The proposed $26 billion combination of the No. 1 and No. 2 satellite TV companies, first announced Oct. 28, is being scrutinized by the Federal Communications Commission and the Justice Department's antitrust staff. Recently, the FCC asked for comments on the companies' proposal to launch a new satellite supporting delivery of all local TV markets in the United States, contingent on merger approval. That pushed back even further agency action on the deal.

Because of the delay, the FCC's decision is likely to come after any move from the Justice Department, some observers said. Not much is known about the antitrust review at the DOJ, though many consider the merger's chances at the Justice Department to be in a better position than at the FCC.

Outside of government scrutiny, all sides of the merger debate have voiced their opinions on the pending transaction.

Numerous state attorneys general, led by Missouri AG Jay Nixon, have outlined their issues with the merger, and a handful of lawmakers have expressed their concern with a single satellite TV company controlling a multichannel monopoly in rural and underserved areas. However, the merger has endorsements, including more than 1,600 letters of support sent to the FCC by consumers and grassroots organizations. State legislators and some Capitol Hill lawmakers also have thrown their support behind the deal.

EchoStar also won a $1.5 billion investment from French/Hollywood media giant Vivendi Universal.

The final outcome for the proposed DBS combination may be decided no sooner than late Summer or early Fall, some said.

Meanwhile, labor and African-American activists plan to protest Tuesday outside the Waldorf-Astoria Hotel, site of the Spring SkyFORUM conference. They will be targeting EchoStar CEO Charlie Ergen, who will speak at the satellite industry gathering.

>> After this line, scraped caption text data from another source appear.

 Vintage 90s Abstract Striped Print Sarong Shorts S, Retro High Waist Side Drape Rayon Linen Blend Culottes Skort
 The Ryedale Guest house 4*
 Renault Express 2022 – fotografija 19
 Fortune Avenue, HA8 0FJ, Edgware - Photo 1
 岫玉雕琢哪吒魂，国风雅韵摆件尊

Members from the Communications Workers of America, the International Brotherhood of Teamsters, the National Action Network and other groups are expected to be at the demonstration, according to a press release. The demonstration is expected to take place in the afternoon.

From http://www.skyreport.com (Used with permission)


----------



## Win Joy Jr (Apr 23, 2002)

Do not count on the DOJ to approve the merger. It is still no better than 50/50, and the delays do not help the case by giving more time for the reveiw. It is my beliefe that some of E* past sins will come back to haunt them.

My bet, both DOJ and FCC will not approve the merger.


----------



## Chris Freeland (Mar 24, 2002)

To the contrary, with possible new competitors coming on line with SES, terrestrial DBS and the promise to carry all 210 DMA's of locals, this improves chances that the merger will be approved. I think the DOJ and FCC will decide that a combined DBS capable of carrying all 210 DMA’s of locals will provide a stronger competitor with cable and with some minor conditions will approve the merger.


----------



## Guest (Apr 29, 2002)

I'm not sure if any of you happened to see the Senate Judiciary hearing (March 7, 2002) where Charles Ergen and Eddie Hartenstien appeared. The senators had MAJOR problems with rural satellite customers essentially being left with only one company to provide service if the merger were approved...E*.

I can't see this merger being approved without some language to protect rural satellite customers. If it is approved without any protection for rural areas several Attorney Generals have promised to challenge the merger in court. First on the list would be Missouri's AG who was at the hearing and strongly opposed the merger. I have little knowledge of merger and acquisitions but couldn't this merger get tied up in court for months or years?? 

My DMA is in the top 100 but I'm beginning to wonder if my locals will make it this year...or 2003...or 2004.....


----------



## Chris Freeland (Mar 24, 2002)

There have bean a lot of new developments sice March 7, that help make merger aprovel much more likely.


----------



## psecic (Apr 5, 2002)

With extra competion I think the buyout will be approved


----------